Provided information: Begin
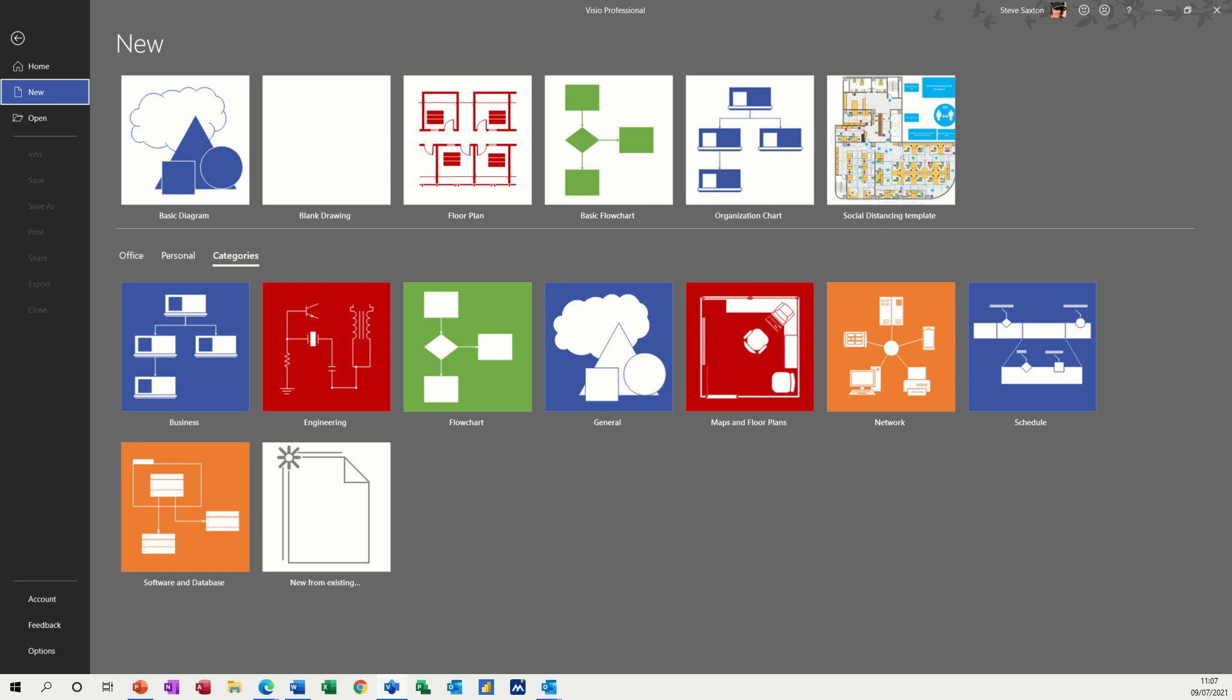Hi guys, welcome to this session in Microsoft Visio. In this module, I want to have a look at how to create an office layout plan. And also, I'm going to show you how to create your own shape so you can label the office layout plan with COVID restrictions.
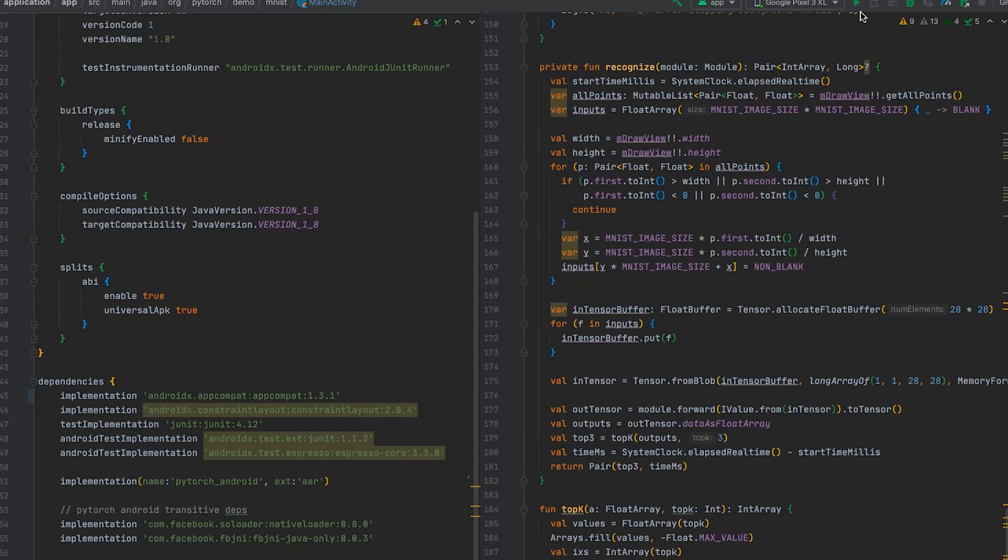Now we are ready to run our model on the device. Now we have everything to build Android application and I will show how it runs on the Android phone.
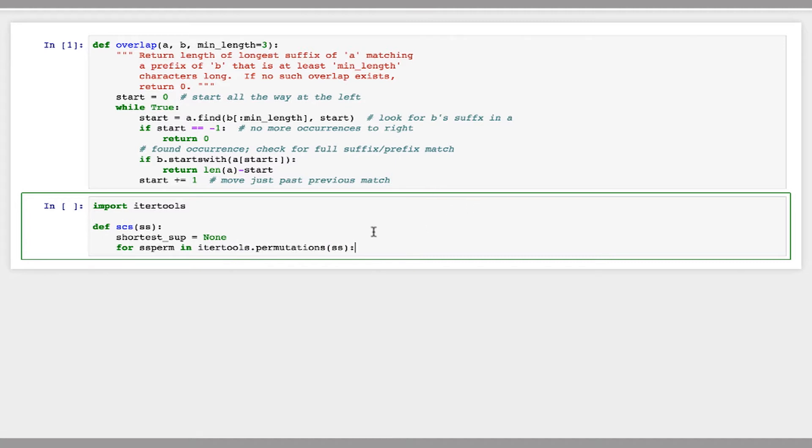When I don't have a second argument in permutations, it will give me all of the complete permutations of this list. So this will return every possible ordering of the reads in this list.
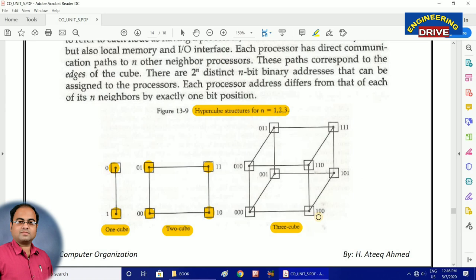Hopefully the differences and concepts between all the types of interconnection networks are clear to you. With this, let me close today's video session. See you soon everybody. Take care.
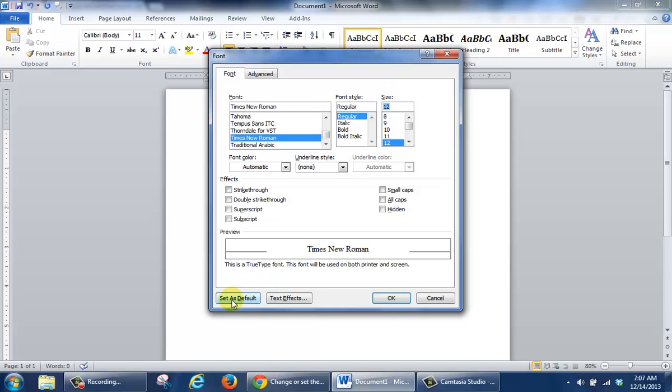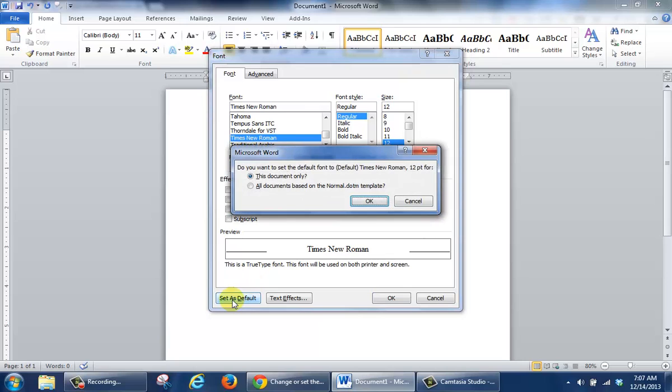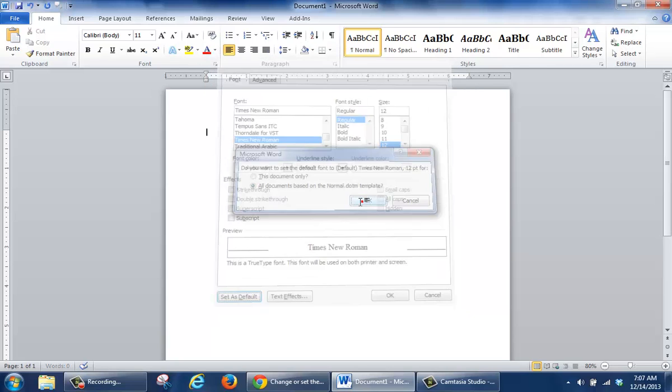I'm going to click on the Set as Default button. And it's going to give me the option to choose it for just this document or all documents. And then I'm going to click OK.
Provided information: End
Provided information: Begin
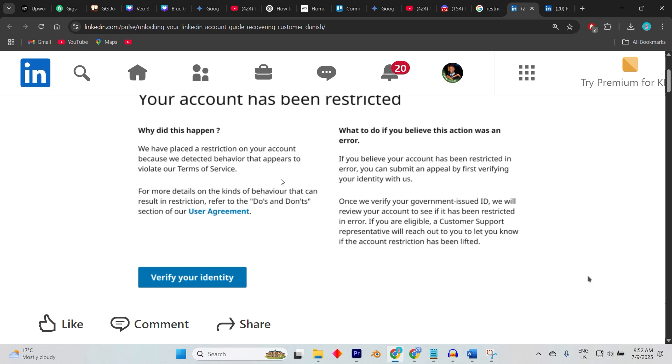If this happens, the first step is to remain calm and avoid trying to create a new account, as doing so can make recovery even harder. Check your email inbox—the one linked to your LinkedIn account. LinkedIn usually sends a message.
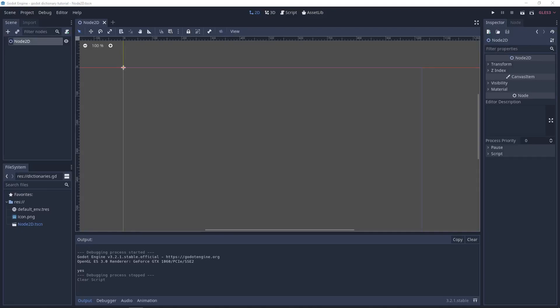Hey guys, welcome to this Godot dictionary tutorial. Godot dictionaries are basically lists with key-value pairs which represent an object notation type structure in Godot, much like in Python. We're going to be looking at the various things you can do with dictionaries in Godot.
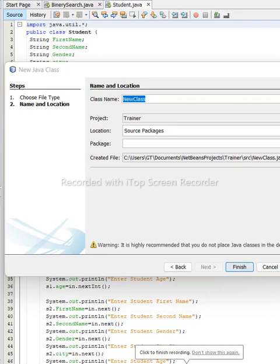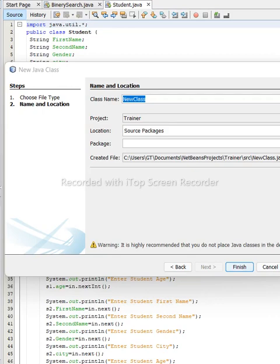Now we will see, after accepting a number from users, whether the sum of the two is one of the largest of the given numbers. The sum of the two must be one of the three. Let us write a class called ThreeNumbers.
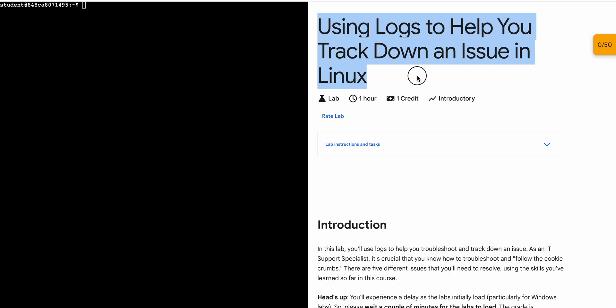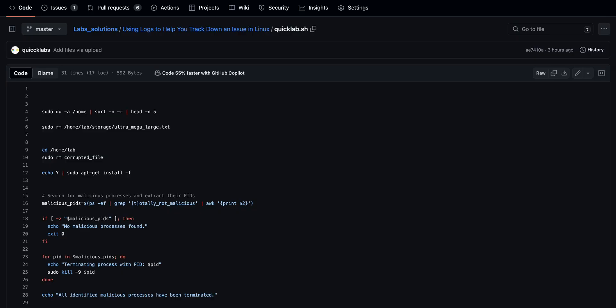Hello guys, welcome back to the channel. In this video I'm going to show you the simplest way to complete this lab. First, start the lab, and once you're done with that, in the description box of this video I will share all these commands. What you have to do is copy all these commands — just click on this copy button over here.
Provided information: End
[Task description]
Excluding any pictures, print exactly the lines of the listing above from the line with "If this happens, the" to the line with "Now we will", both ends included.

[Result of this task]
If this happens, the first step is to remain calm and avoid trying to create a new account, as doing so can make recovery even harder. Check your email inbox—the one linked to your LinkedIn account. LinkedIn usually sends a message.
Hey guys, welcome to this Godot dictionary tutorial. Godot dictionaries are basically lists with key-value pairs which represent an object notation type structure in Godot, much like in Python. We're going to be looking at the various things you can do with dictionaries in Godot.
Now we will see, after accepting a number from users, whether the sum of the two is one of the largest of the given numbers. The sum of the two must be one of the three. Let us write a class called ThreeNumbers.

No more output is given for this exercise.